I promised myself I would write
more upbeat, happy essays. After all, life is too short to wallow in sadness. And
I did claim this blog was mostly about the amusing things in life with only an occasional
dose of seriosity.
But then I turn on the news
and see the funerals of little children.
Local news is no better. If they
are not covering the national tragedy in Connecticut ,
they are reporting on local violence and threats to schools in Jefferson and other
counties in Kentucky .
Meanwhile, the front page
headline of Louisville ’s Courier Journal proclaims
drastic budget cuts in Kentucky
to school safety. A Kentucky state
representative is quoted as saying we “need to study” what happened in Connecticut before we
think about putting more money into school safety.
We aren’t back in the 1700’s,
which incidentally is when the Second Amendment was adopted, and when stagecoaches
and the Pony Express carried the news. Don’t we already know what happened?

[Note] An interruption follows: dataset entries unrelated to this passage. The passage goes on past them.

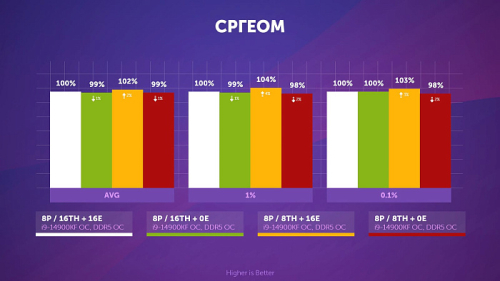Влияние многопоточности, E-ядер, версии и плана питания Windows на производительность Core i9-14900KF и Core Ultra 9 285K Влияние многопоточности, E-ядер, версии и плана питания Windows на производительность Core i9-14900KF и Core Ultra 9 285K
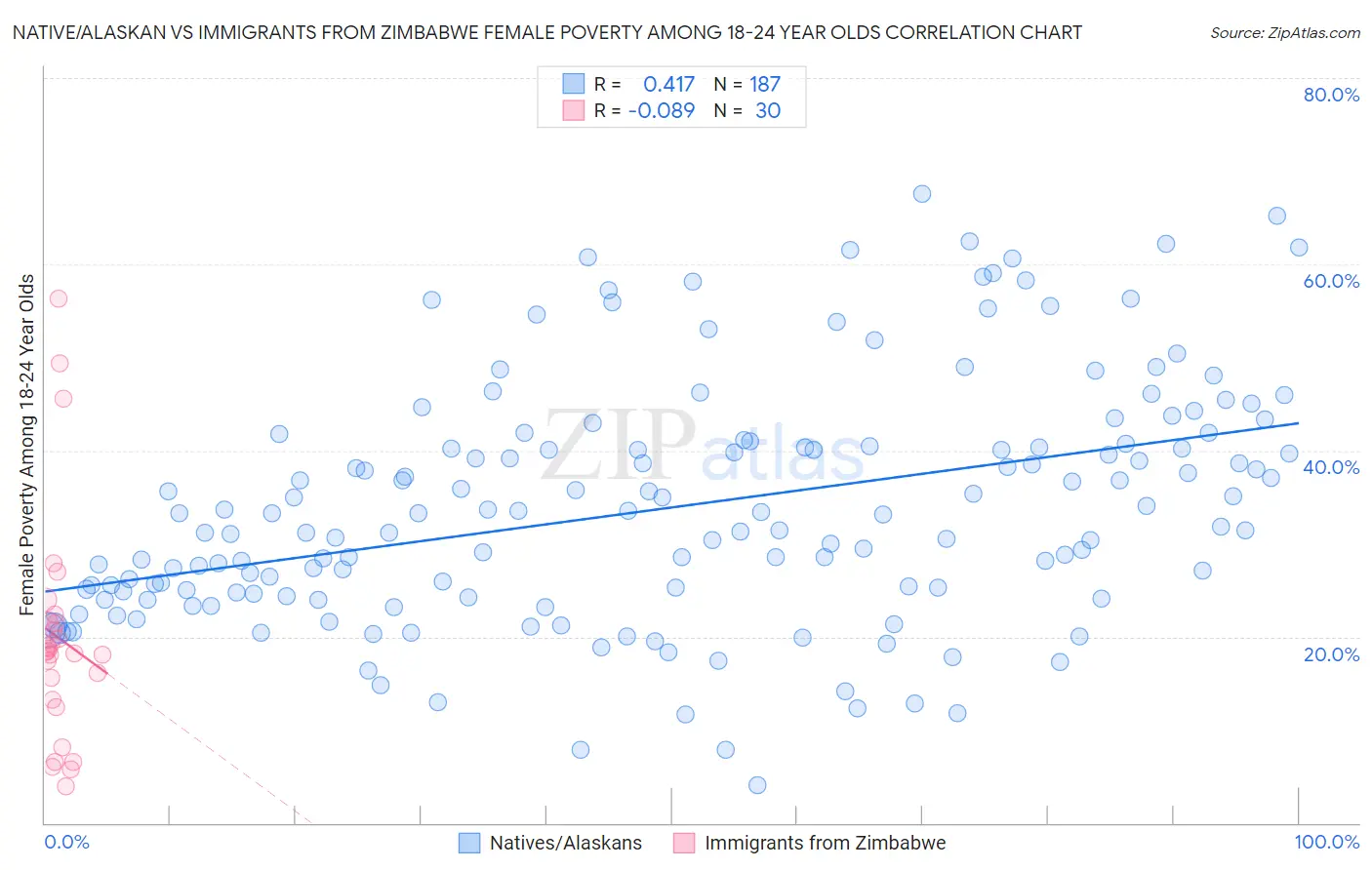 Native/Alaskan vs Immigrants from Zimbabwe Female Poverty Among 18-24 Year Olds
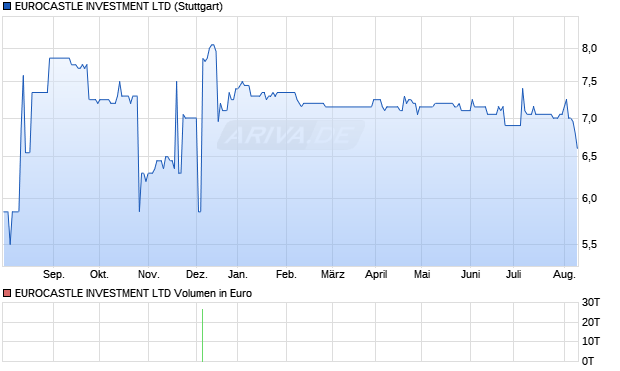 EUROCASTLE INVESTMENT LTD Aktie Chart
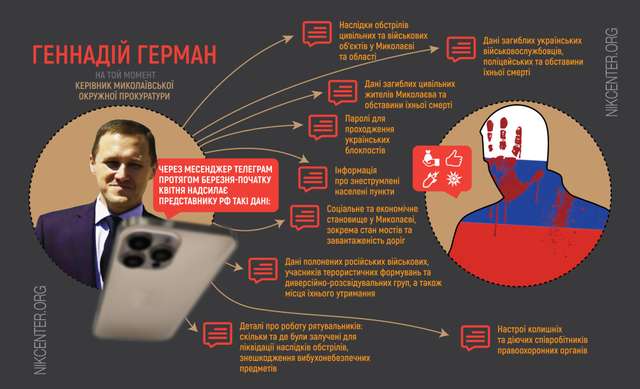 Геннадій Герман: портрет прокурора-зрадника_13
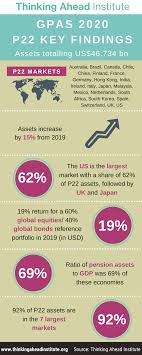 Pbgc payment dates | pension benefit guaranty corporation. Global Pension Assets Study 2020 Thinking Ahead Institute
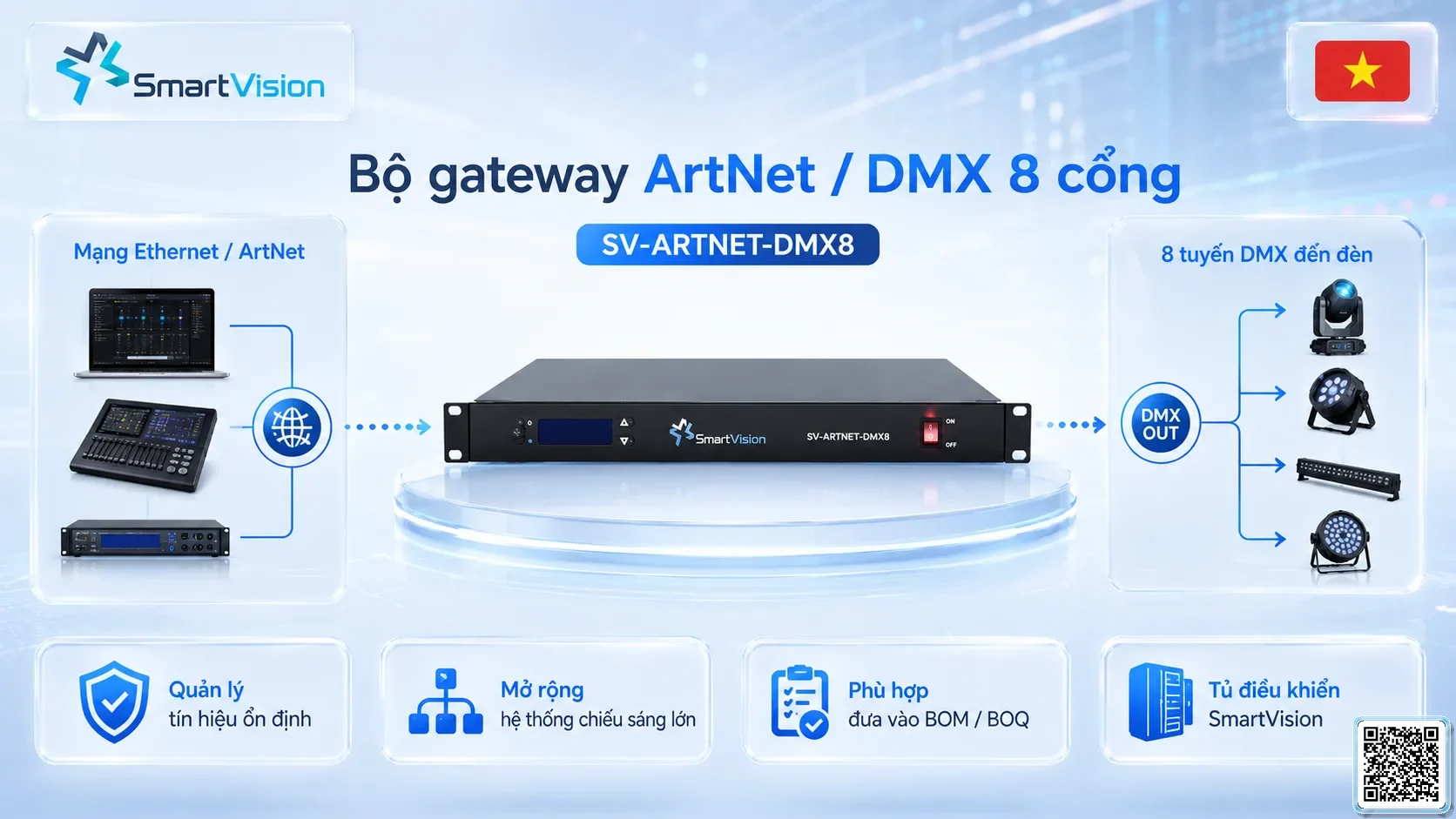 SV-ARTNET-DMX8 SV-ARTNET-DMX8 8-Port ArtNet-DMX Converter Bộ điều khiển DMX, Nhạc nước DMX, Đèn DMX, Bơm DMX, hệ thống ánh sáng DMX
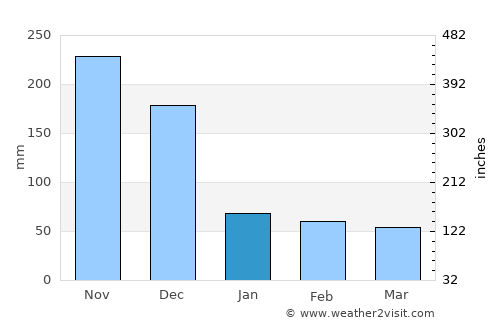 Roxborough average rain in January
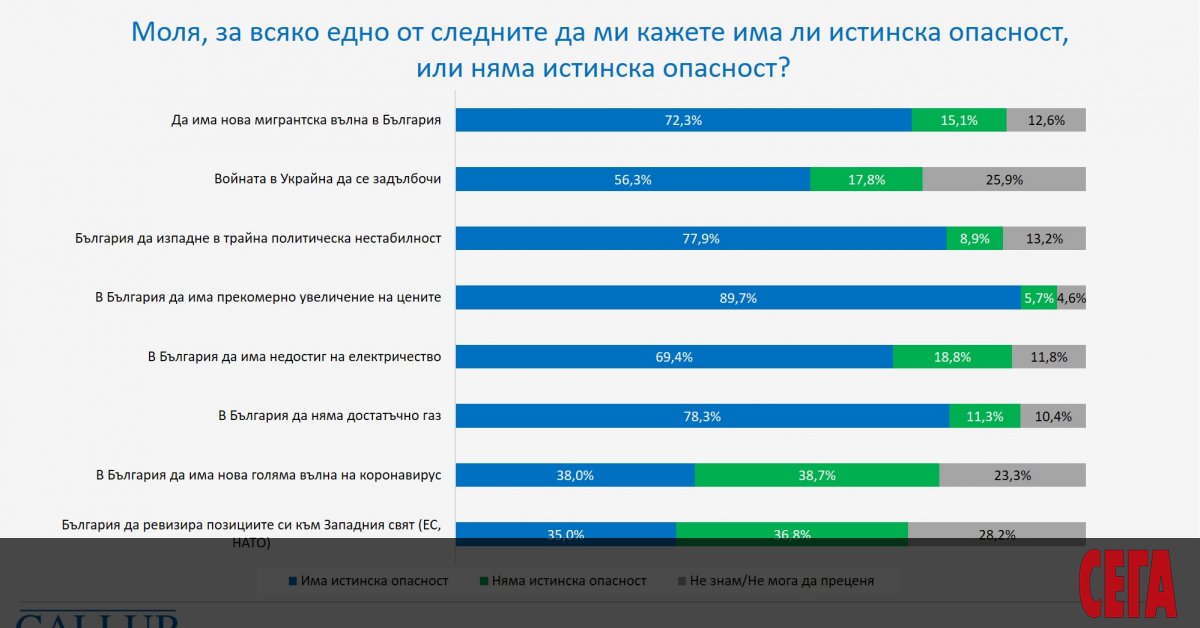 Проблемите с растящите цени доминират в масовото съзнание у нас.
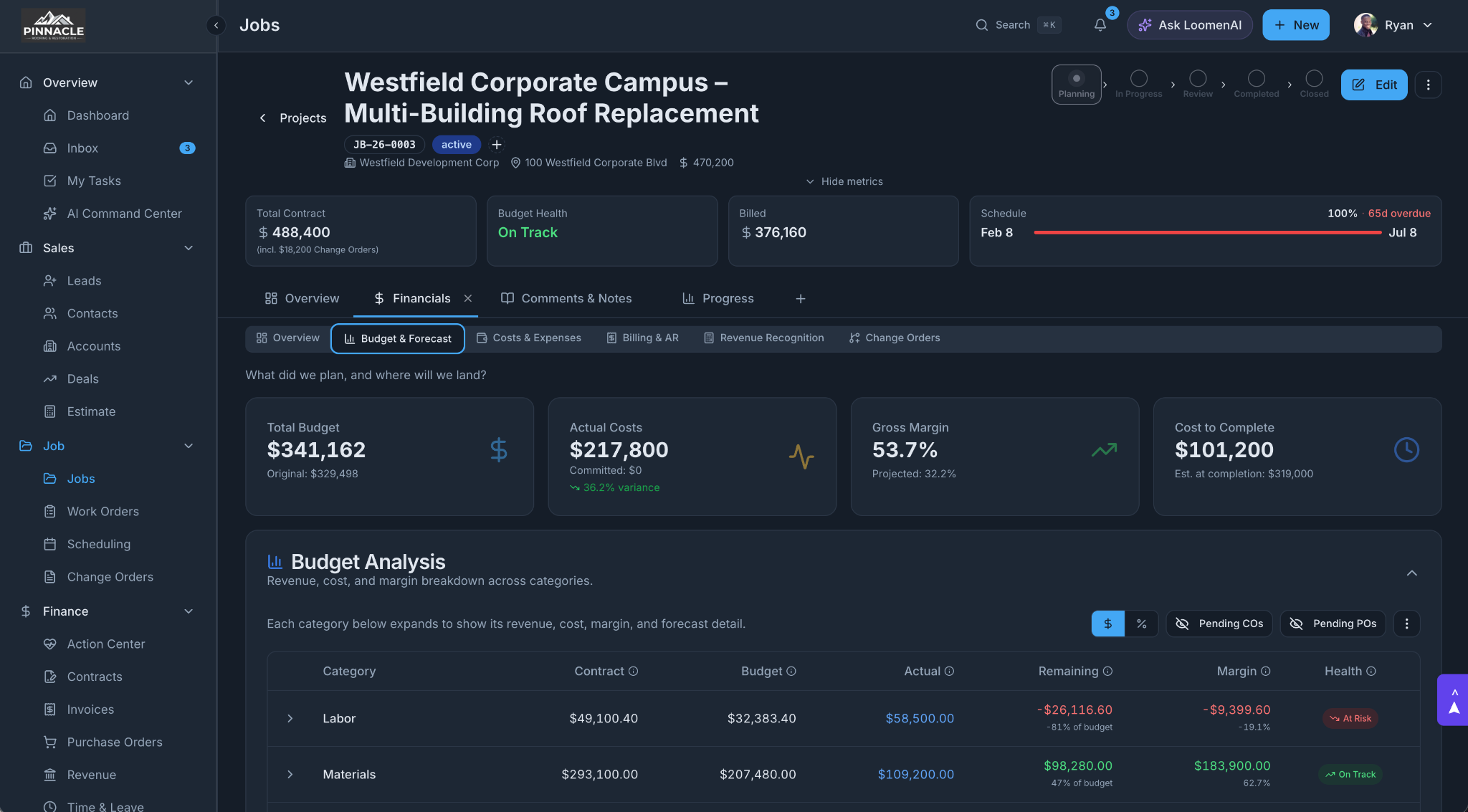 Loomen Budget and Forecast for a roof replacement: total budget, actual costs, projected margin, cost to complete, and labor and material budget analysis.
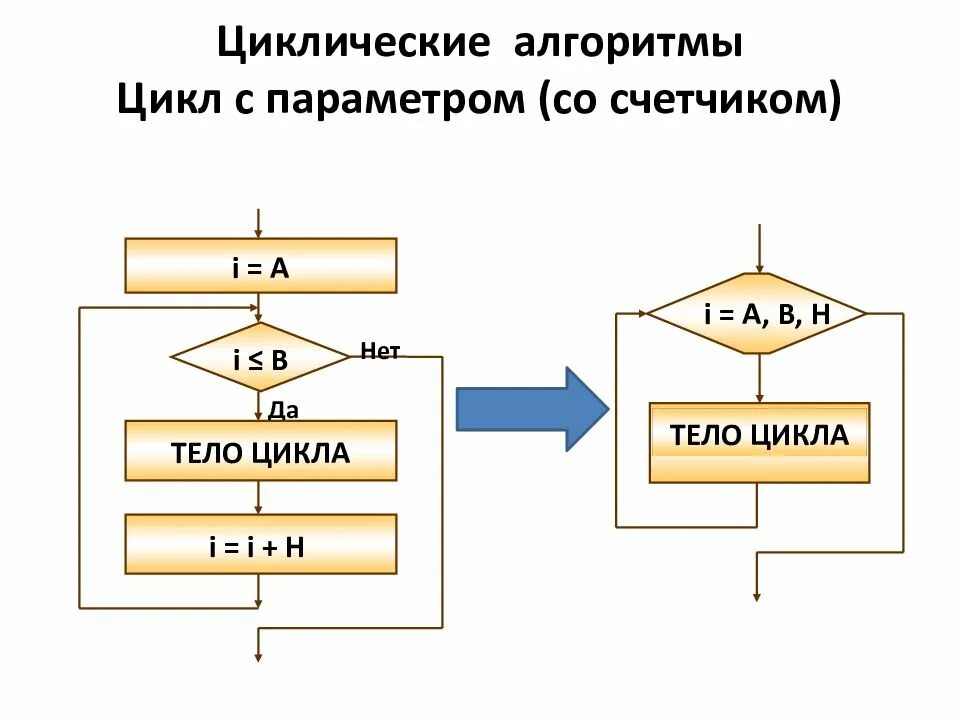 Циклические алгоритмы ветвление. Блок схема циклического алгоритма со счетчиком. Цикл с ветвлением блок схема. Циклы и ветвления в алгоритмах. Циклический алгоритм со счетчиком блок-схема пример.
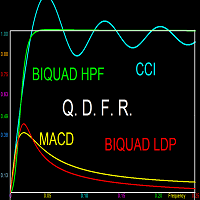Quick n Dirty Frequency Response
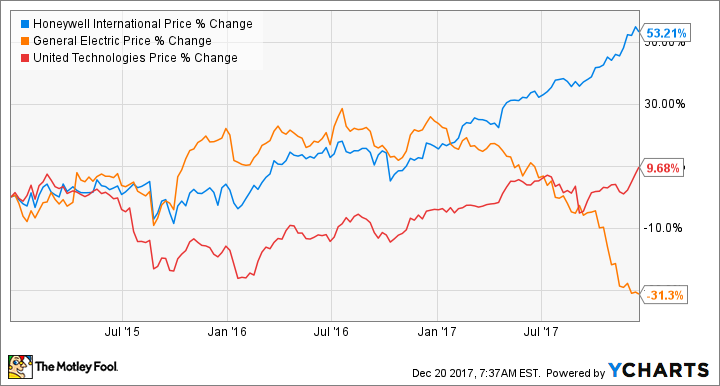 how can i buy international stocks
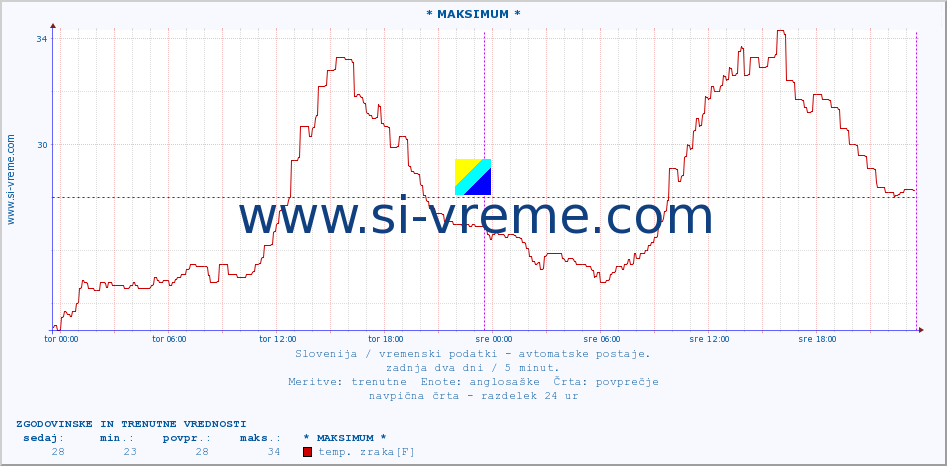 POVPREČJE :: * MAKSIMUM * :: temp. zraka | vlaga | smer vetra | hitrost vetra | sunki vetra | tlak | padavine | sonce | temp. tal  5cm | temp. tal 10cm | temp. tal 20cm | temp. tal 30cm | temp. tal 50cm :: zadnja dva dni / 5 minut.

A young male with easy access
to military style weaponry shot his way into a locked school and massacred little
children. Back in the 1700’s I suppose we would have called out the Calvary and blamed the Indians for rampaging. Maybe we would
have evacuated families with children to a fort.
In the New York Times an
architect writes about how we should “harden” our schools like we have done for
airplane cockpits to keep the crazies with guns out. Or maybe we should just
make schools, movie theaters, churches, mosques, and shopping malls into fortresses, along with anywhere else a crazy person with legally-purchased automatic or semiautomatic weaponry
and accoutrements might go. That would take a lot more money and for
more than just school safety.
Oops, as my learned husband and another friend with historical creds have advised me, the Pony Express was not around until 1860, about eighty years after the Second Amendment was passed. But you get the point. When the 2nd Amendment went into effect our forbears' front-loading muskets were used to hunt for their dinner and defend against frontier "savages". And news was delivered by horseback riders.